Benchmark results (avg GPU time in us, 200 iterations, no per-iter sync):

| Model | Tokens | Dtype | d (intermediate_size) | Baseline (us) | Vectorized (us) | Change |
|-------|--------|-------|-----------------------|---------------|-----------------|--------|
| llama3-70b | 128 | fp16 | 28672 | 24.01 | 8.96 | -62.7% |
| llama3-70b | 128 | bf16 | 28672 | 27.25 | 11.25 | -58.7% |
| llama3-70b | 512 | fp16 | 28672 | 262.79 | 202.13 | -23.1% |
| llama3-70b | 512 | bf16 | 28672 | 261.46 | 202.67 | -22.5% |
| llama3-70b | 1024 | fp16 | 28672 | 545.11 | 424.03 | -22.2% |
| llama3-70b | 1024 | bf16 | 28672 | 545.13 | 424.82 | -22.1% |
| llama3-70b | 2048 | fp16 | 28672 | 1108.82 | 872.10 | -21.3% |
| llama3-70b | 2048 | bf16 | 28672 | 1108.13 | 872.70 | -21.2% |
| llama3-8b | 128 | fp16 | 14336 | 33.05 | 6.51 | -80.3% |
| llama3-8b | 128 | bf16 | 14336 | 26.65 | 6.15 | -76.9% |
| llama3-8b | 512 | fp16 | 14336 | 169.74 | 92.10 | -45.7% |
| llama3-8b | 512 | bf16 | 14336 | 139.62 | 93.25 | -33.2% |
| llama3-8b | 1024 | fp16 | 14336 | 261.68 | 201.64 | -22.9% |
| llama3-8b | 1024 | bf16 | 14336 | 260.92 | 201.73 | -22.7% |
| llama3-8b | 2048 | fp16 | 14336 | 539.98 | 420.75 | -22.1% |
| llama3-8b | 2048 | bf16 | 14336 | 541.28 | 422.87 | -21.9% |
| qwen-14b | 512 | fp16 | 13824 | 116.04 | 85.32 | -26.5% |
| qwen-14b | 512 | bf16 | 13824 | 114.37 | 85.69 | -25.1% |
| qwen-14b | 1024 | fp16 | 13824 | 238.41 | 193.29 | -18.9% |
| qwen-14b | 1024 | bf16 | 13824 | 254.00 | 193.76 | -23.7% |
| qwen-14b | 2048 | fp16 | 13824 | 527.05 | 407.07 | -22.8% |
| qwen-14b | 2048 | bf16 | 13824 | 521.38 | 403.80 | -22.6% |
| qwen-32b | 128 | fp16 | 27648 | 20.65 | 6.29 | -69.5% |
| qwen-32b | 128 | bf16 | 27648 | 21.35 | 6.89 | -67.7% |
| qwen-32b | 512 | fp16 | 27648 | 253.84 | 193.79 | -23.7% |
| qwen-32b | 512 | bf16 | 27648 | 253.64 | 193.84 | -23.6% |
| qwen-32b | 1024 | fp16 | 27648 | 526.81 | 407.99 | -22.6% |
| qwen-32b | 1024 | bf16 | 27648 | 523.08 | 408.52 | -21.9% |
| qwen-32b | 2048 | fp16 | 27648 | 1069.97 | 838.01 | -21.7% |
| qwen-32b | 2048 | bf16 | 27648 | 1068.91 | 838.34 | -21.6% |

Signed-off-by: Ma, Liangliang &lt;liangliang.ma@intel.com&gt;
diff --git a/csrc/activation.cpp b/csrc/activation.cpp
@@ -121,6 +121,49 @@ class act_and_mul_kernel {
   const int d_;
 };
 
+// Vectorized version of act_and_mul_kernel using aligned vector loads/stores.

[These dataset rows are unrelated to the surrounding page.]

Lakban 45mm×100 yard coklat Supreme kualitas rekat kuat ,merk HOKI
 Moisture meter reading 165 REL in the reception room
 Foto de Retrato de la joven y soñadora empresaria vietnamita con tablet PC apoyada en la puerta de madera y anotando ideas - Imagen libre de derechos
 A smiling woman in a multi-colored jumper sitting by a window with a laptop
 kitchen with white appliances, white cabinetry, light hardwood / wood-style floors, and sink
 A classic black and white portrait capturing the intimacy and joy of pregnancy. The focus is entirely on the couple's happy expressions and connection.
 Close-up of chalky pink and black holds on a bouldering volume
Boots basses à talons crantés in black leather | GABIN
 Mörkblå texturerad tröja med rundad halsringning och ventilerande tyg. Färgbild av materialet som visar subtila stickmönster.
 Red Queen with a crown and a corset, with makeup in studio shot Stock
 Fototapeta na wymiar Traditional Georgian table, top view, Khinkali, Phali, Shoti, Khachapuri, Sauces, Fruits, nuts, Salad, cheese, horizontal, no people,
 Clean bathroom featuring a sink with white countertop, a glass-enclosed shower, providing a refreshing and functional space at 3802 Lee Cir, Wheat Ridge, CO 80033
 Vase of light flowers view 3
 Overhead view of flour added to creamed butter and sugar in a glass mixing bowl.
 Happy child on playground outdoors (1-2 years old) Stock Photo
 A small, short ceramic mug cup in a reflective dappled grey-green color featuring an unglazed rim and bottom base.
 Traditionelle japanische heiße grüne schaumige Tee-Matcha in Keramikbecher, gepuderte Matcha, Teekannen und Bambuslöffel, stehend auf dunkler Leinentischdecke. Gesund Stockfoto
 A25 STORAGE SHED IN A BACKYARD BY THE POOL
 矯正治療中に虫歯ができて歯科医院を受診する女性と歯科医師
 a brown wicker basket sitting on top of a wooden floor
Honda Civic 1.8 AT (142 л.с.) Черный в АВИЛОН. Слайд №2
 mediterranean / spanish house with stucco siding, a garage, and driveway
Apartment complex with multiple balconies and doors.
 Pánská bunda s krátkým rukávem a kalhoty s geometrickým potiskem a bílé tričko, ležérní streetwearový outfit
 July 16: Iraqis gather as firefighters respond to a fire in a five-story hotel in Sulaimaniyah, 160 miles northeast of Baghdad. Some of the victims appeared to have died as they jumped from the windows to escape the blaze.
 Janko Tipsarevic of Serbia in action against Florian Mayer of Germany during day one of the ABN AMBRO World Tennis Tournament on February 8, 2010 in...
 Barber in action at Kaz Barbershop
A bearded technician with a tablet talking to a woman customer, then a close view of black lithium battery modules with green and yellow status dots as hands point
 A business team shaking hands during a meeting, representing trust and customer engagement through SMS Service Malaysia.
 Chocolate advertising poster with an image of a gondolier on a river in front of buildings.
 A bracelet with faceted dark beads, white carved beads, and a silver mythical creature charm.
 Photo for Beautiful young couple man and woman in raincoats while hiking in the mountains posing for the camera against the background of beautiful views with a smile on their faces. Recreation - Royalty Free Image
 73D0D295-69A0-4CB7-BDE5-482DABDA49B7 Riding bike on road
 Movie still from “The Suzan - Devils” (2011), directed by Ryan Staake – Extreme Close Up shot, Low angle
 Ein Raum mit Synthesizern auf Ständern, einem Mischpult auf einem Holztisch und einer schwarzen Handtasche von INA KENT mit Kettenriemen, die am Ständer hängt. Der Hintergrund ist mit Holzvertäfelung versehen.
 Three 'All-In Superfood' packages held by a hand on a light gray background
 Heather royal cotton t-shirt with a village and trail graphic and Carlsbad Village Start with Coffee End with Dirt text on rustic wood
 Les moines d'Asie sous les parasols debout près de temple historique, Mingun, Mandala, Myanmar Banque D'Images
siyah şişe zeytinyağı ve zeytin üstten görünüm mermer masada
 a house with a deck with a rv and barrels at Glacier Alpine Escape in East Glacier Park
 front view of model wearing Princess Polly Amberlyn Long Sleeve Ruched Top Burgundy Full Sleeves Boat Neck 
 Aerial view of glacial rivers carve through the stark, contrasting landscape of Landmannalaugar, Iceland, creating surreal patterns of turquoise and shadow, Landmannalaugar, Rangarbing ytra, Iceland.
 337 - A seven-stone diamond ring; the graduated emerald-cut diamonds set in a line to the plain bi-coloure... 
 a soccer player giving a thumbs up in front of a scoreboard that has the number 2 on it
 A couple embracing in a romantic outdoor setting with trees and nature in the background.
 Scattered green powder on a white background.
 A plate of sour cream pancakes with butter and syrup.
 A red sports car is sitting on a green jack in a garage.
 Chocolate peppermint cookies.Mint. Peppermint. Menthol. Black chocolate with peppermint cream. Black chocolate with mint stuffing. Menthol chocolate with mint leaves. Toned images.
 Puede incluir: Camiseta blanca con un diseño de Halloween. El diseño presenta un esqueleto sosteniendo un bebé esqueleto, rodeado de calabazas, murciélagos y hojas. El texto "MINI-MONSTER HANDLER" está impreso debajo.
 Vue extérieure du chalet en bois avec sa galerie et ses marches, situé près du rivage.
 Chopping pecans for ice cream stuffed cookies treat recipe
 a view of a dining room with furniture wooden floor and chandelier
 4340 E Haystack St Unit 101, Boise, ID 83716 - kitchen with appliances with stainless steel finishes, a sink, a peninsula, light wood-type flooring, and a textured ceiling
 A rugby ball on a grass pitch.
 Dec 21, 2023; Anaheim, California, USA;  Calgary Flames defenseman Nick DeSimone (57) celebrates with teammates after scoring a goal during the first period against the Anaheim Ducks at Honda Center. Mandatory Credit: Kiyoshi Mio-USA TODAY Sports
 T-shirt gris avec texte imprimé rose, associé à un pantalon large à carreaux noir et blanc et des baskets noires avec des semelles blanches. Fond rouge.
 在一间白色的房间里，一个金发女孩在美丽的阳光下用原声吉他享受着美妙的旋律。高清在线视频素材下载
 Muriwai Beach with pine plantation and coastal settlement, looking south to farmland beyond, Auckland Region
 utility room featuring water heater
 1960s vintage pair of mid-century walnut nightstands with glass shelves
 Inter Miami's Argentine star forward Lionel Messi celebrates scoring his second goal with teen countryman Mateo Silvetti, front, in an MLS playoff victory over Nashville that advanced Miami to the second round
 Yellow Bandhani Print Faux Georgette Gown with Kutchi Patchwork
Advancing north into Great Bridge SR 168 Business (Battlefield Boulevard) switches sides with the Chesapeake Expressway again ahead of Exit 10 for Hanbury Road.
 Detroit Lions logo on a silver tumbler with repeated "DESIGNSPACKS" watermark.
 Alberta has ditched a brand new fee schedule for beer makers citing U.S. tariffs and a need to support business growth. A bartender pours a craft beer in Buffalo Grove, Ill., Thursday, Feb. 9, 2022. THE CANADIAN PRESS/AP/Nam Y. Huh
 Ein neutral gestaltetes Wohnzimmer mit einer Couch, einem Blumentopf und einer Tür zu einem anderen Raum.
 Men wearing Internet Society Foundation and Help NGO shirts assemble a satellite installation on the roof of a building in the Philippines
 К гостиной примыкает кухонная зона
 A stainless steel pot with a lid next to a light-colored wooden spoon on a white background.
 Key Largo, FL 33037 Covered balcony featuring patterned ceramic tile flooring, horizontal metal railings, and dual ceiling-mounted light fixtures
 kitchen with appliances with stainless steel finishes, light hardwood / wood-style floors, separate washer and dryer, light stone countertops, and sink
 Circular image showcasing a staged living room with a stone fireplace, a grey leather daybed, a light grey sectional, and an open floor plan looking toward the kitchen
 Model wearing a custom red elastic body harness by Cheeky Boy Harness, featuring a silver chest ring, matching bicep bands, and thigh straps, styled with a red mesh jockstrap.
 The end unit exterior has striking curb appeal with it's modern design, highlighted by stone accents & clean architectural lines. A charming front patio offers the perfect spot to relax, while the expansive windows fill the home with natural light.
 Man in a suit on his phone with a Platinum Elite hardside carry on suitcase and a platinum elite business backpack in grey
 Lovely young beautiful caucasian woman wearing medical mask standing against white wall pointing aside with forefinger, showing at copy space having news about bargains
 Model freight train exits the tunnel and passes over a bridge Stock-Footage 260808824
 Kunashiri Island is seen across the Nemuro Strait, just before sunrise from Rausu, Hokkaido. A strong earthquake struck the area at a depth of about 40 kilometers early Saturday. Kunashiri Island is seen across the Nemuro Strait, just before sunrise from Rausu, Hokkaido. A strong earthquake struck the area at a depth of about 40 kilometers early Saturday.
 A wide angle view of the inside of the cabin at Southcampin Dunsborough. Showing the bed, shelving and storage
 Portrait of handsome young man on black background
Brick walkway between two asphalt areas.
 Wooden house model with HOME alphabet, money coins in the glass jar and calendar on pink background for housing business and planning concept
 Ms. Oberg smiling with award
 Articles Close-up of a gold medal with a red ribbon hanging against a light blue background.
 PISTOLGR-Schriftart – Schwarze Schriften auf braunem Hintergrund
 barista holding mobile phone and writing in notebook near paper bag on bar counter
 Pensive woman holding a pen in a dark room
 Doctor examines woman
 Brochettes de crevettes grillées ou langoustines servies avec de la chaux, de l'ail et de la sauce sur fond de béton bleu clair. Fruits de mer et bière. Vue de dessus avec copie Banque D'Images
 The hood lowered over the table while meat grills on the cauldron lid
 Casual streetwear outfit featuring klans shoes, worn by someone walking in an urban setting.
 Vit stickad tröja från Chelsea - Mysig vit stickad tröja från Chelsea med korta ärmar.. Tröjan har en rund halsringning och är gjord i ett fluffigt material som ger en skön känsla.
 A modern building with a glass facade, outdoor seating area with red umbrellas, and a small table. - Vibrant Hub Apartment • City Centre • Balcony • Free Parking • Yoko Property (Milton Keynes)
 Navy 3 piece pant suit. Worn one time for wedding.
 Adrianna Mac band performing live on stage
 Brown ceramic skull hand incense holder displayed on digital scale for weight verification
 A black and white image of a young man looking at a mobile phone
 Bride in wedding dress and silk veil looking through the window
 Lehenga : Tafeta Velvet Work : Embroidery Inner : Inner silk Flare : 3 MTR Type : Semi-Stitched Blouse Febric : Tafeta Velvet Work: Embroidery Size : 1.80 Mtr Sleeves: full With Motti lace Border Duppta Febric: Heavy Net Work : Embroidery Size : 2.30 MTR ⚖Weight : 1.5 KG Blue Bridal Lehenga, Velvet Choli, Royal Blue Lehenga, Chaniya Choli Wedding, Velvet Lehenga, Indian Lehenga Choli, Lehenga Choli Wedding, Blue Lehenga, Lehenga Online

+// Each work-item processes VEC_SIZE elements per iteration, reducing memory
+// transactions and improving bandwidth utilization.
+template <
+    typename scalar_t,
+    scalar_t (*ACT_FN)(const scalar_t&),
+    bool act_first,
+    int VEC_SIZE>
+class act_and_mul_vec_kernel {
+ public:
+  act_and_mul_vec_kernel(
+      scalar_t* __restrict__ out,
+      const scalar_t* __restrict__ input,
+      const int d)
+      : out_(out), input_(input), d_(d) {}
+
+  void operator()(sycl::nd_item<1> item) const {
+    using vec_t = vllm::xpu::aligned_vec<scalar_t, VEC_SIZE>;
+    const int64_t token_idx = item.get_group(0);
+    const int64_t offset = item.get_local_linear_id();
+    const int64_t step = item.get_local_range(0);
+    const int64_t bound = d_ / VEC_SIZE;
+
+    for (int64_t i = offset; i < bound; i += step) {
+      auto x_vec =
+          reinterpret_cast<const vec_t*>(input_)[token_idx * bound * 2 + i];
+      auto y_vec = reinterpret_cast<const vec_t*>(
+          input_)[token_idx * bound * 2 + i + bound];
+      vec_t out_vec;
+#pragma unroll
+      for (int j = 0; j < VEC_SIZE; ++j) {
+        out_vec[j] = compute<scalar_t, ACT_FN, act_first>(x_vec[j], y_vec[j]);
+      }
+      reinterpret_cast<vec_t*>(out_)[token_idx * bound + i] = out_vec;
+    }
+  }
+
+ private:
+  scalar_t* __restrict__ out_;
+  const scalar_t* __restrict__ input_;
+  const int d_;
+};
+
 template <typename T>
 [[intel::device_indirectly_callable]] inline __attribute__((always_inline)) T
 swigluoai_and_mul(const T& gate, const T& up, float alpha, float limit) {
@@ -201,12 +244,56 @@ class swigluoai_and_mul_kernel {
             (sycl_t*)out_ptr, (sycl_t*)input_ptr, d));       \
   });
 
+// Vectorized launch: dispatch to vec_size=1,2,4,8,16 based on d and dtype.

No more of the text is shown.